[Start of Attachment]
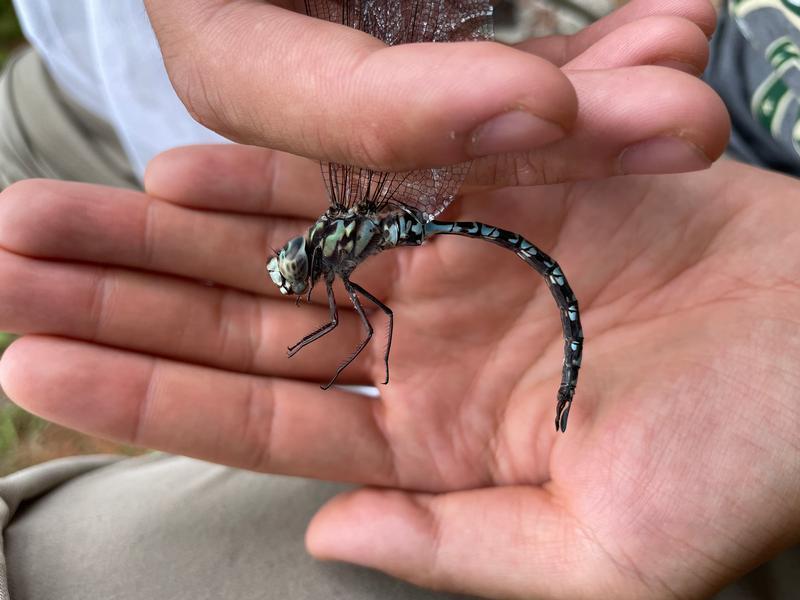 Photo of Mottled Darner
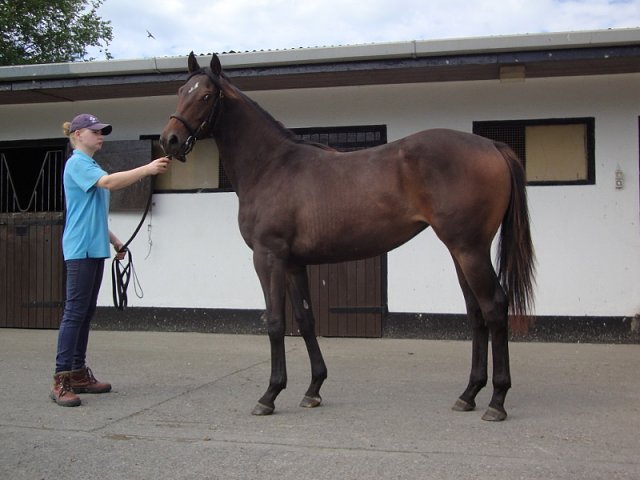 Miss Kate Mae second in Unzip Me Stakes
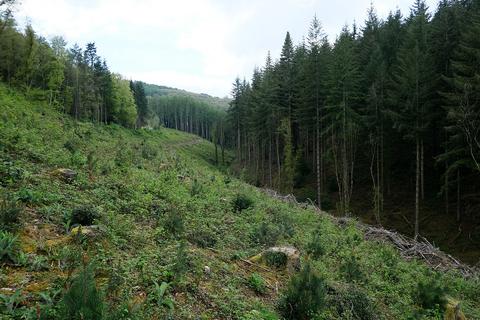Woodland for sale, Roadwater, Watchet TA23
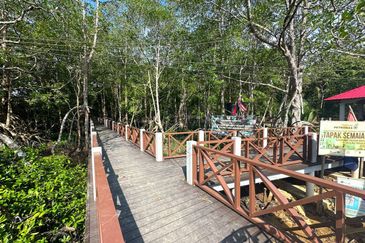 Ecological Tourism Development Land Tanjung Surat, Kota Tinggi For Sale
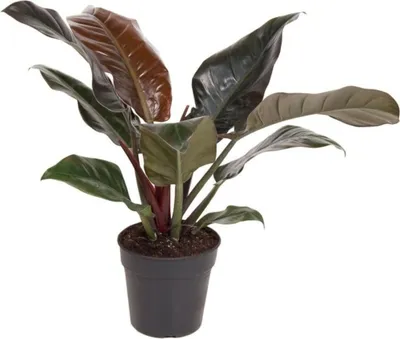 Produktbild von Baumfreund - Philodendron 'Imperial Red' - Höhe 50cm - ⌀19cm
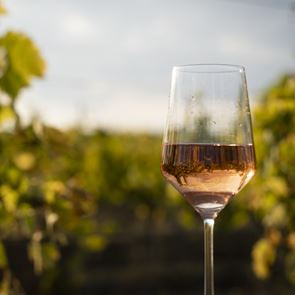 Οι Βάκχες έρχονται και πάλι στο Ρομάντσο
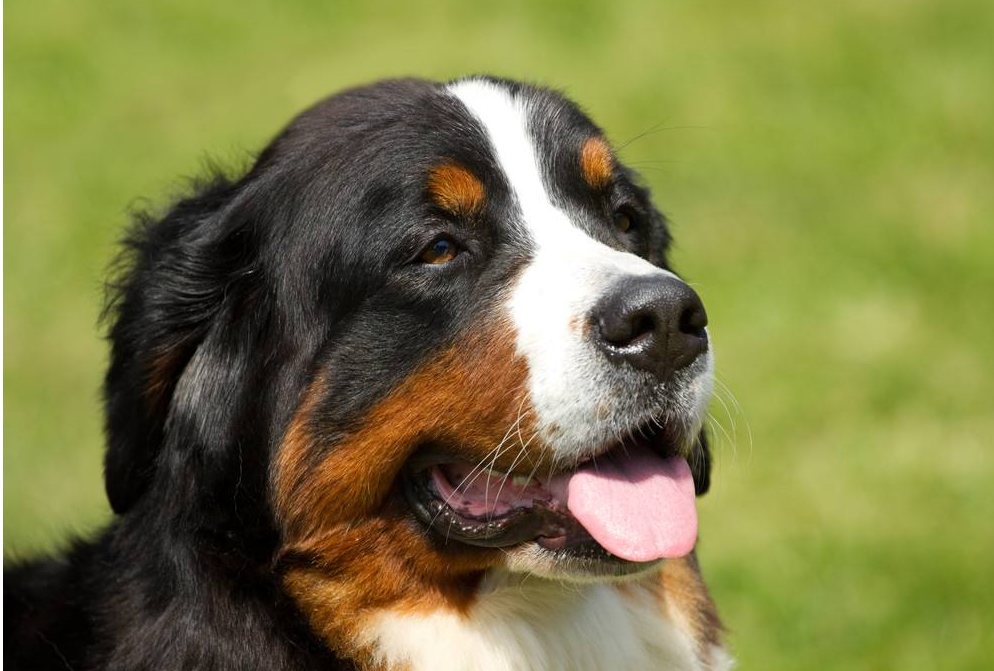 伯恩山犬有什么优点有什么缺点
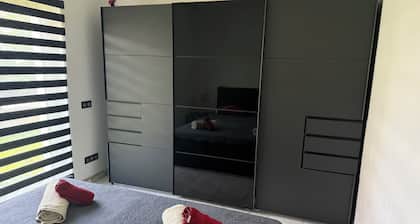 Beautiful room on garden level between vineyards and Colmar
[End of Attachment]
[Start of Attachment]
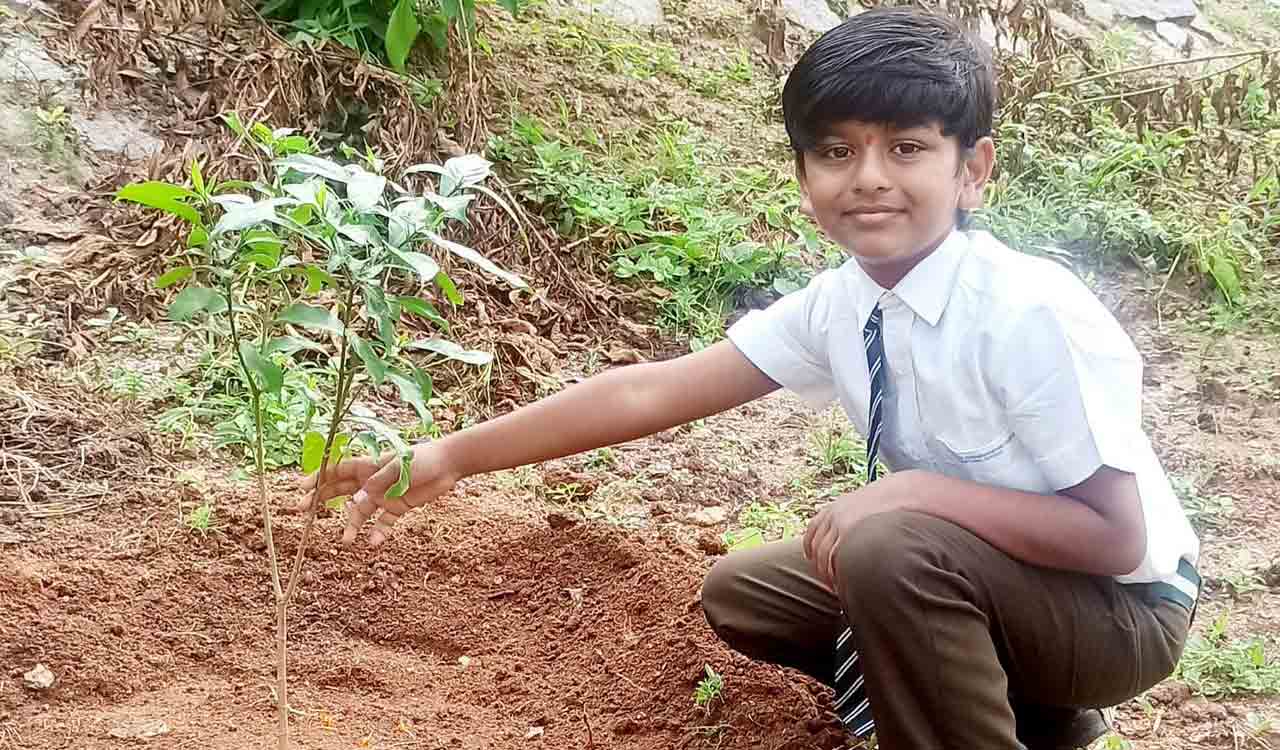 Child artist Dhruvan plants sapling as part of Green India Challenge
[End of Attachment]
◆ **Task prompt**: Leave out the images and write out the lines above exactly, from the one with "Photo of Mottled Darner" up to and including the one with "Beautiful room on".

◆ **Your response**:
 Photo of Mottled Darner
 Miss Kate Mae second in Unzip Me Stakes
Woodland for sale, Roadwater, Watchet TA23
 Ecological Tourism Development Land Tanjung Surat, Kota Tinggi For Sale
 Produktbild von Baumfreund - Philodendron 'Imperial Red' - Höhe 50cm - ⌀19cm
 Οι Βάκχες έρχονται και πάλι στο Ρομάντσο
 伯恩山犬有什么优点有什么缺点
 Beautiful room on garden level between vineyards and Colmar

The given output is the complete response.